There is - it's called "Not buying their software".

If you really want to send a message - nothing hits harder than putting away the credit card.

But you cannot have it both ways.

VP
 
Can you send me the ticket number via PM?
After four months of no solutions from support or community, I stumbled upon a solution. It's an obscure setting and I'm astounded that no one in the community or in tech support after many months had an inkling of this.

In preferences, under advanced, there is a setting under Automation called "Reduction Setting". It is by default set to 50 (0-100). I looked this up in the manual and it says that it also affects MPE data. So, I switched it off, or to "0". MPE pitch playback is working now. I'm not sure how this may affect my processor load, but it works.

Four months of no accurate MPE pitch playback and absolutely NO ONE at PreSonus support or community had a clue.
 
The word "fraud" is not being used correctly. Fraud requires intent, and for it to be worth prosecuting, there would need to be provable and significant damages.
 
In preferences, under advanced, there is a setting under Automation called "Reduction Setting". It is by default set to 50 (0-100). I looked this up in the manual and it says that it also affects MPE data. So, I switched it off, or to "0". MPE pitch playback is working now. I'm not sure how this may affect my processor load, but it works.
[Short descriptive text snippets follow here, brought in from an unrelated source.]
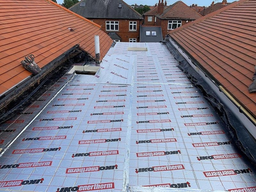 Roofing Company Milton Keynes Citywise Roofing Ltd 2743 Small
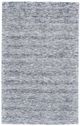 Feizy Zaria Blue 8' x 11' Rug-0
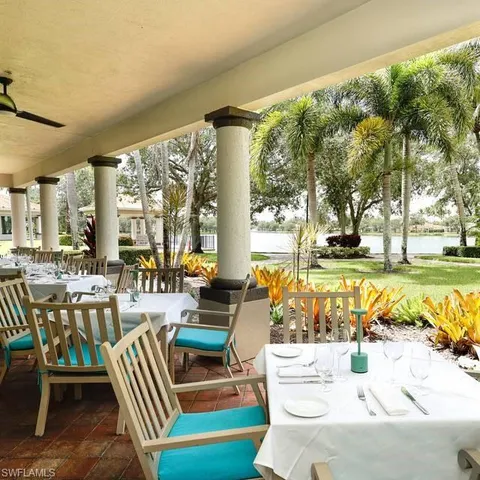 $539,000 | 6186 Towncenter Circle, Naples, FL 34119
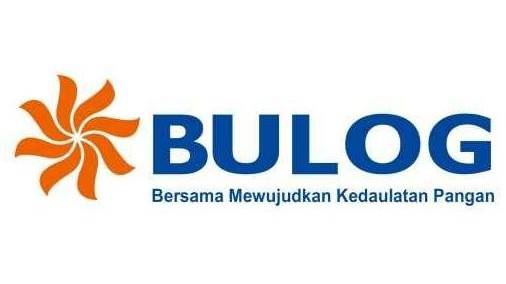 Bulog Sumut Targetkan Beli 27.500 Ton Beras Petani Hingga Akhir 2021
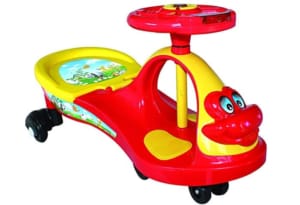 Xe Lac Tre Em F05 (2)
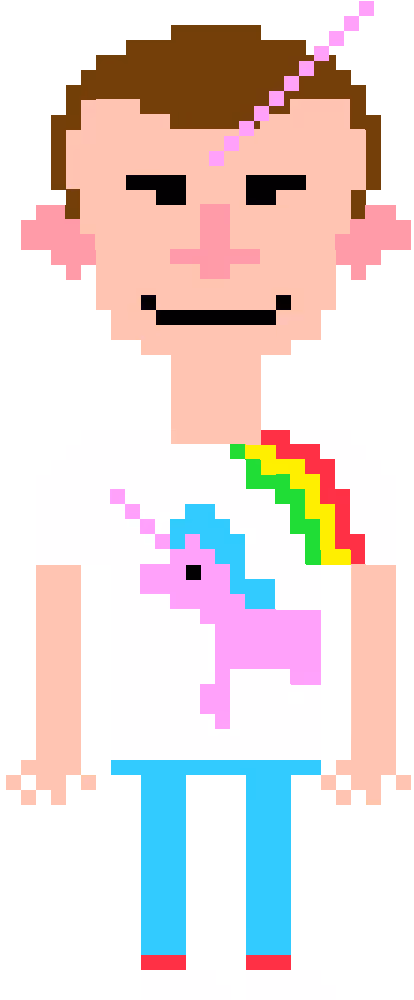 Item #104153413670663298601451918013900788479056968112890839500332734924253099458561 Media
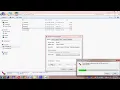 How to Solve Tomcat Error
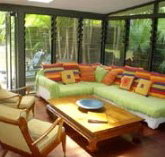 Belongil Dreaming - Lismore Accommodation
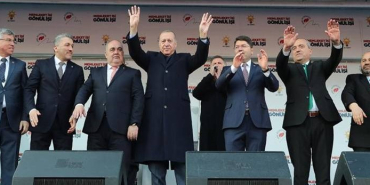 erdogan-bartin-mitingi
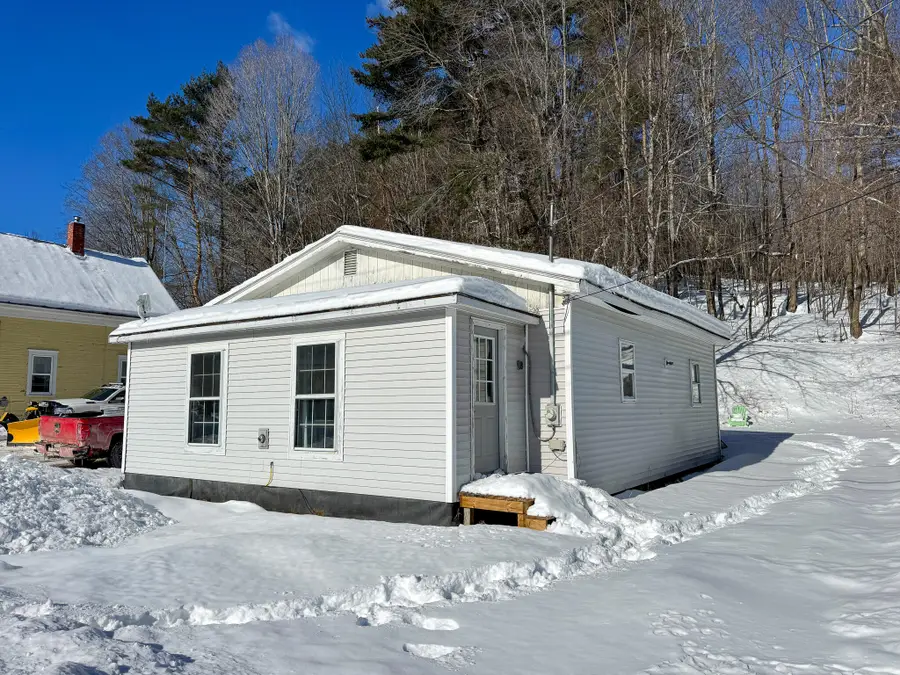 44 Murray Street, Bingham, ME 04920 - Image #2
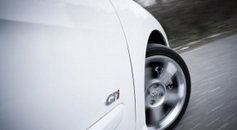 Ծ Լݴڸ߶GTI308GTI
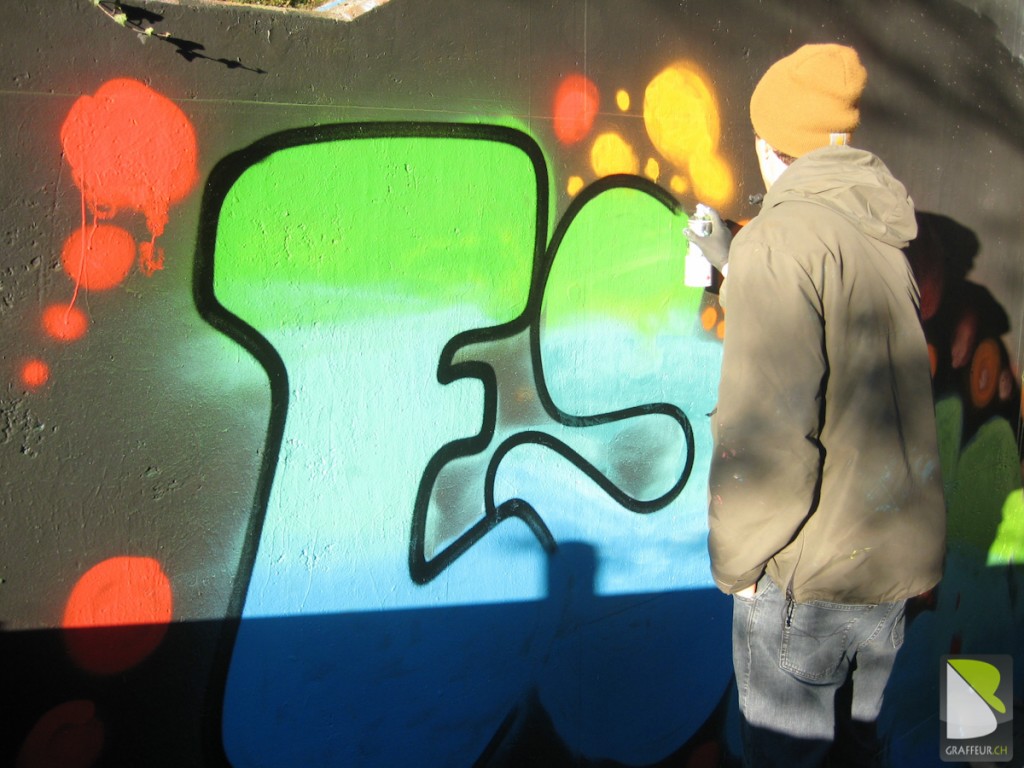 Esteban-Anniversaire-original-Graffiti-Suisse-55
And that's why this forum is pure gold!! Lately, I've been having some issues with complex MIDI parts that have human-generated pitch bend changes (i.e., lots of nodes instead of straight lines). Pitch would ignore a node from time to time. The parts rendered okay, but had occasional problems with real-time playback.

After reading your post, I immediately set Reduction Level to 0 and tested out the song by playing it back several times. So far, there have been no pitch problems. I'm not seeing any significant change in CPU consumption, either. Brilliant! Thank you! (y)
 
As a brand new user I found this thread very informative. Thanks for listing the pitfalls to watch for.
So far it’s the midi editor that is really far from being as powerful as Sonars. It is even lower quality than Cubase. Otherwise I am enjoying the transition.
The 30 day demo was missing a lot of features I wanted to test like tempo extraction.
 
And that's why this forum is pure gold!! Lately, I've been having some issues with complex MIDI parts that have human-generated pitch bend changes (i.e., lots of nodes instead of straight lines). Pitch would ignore a node from time to time. The parts rendered okay, but had occasional problems with real-time playback.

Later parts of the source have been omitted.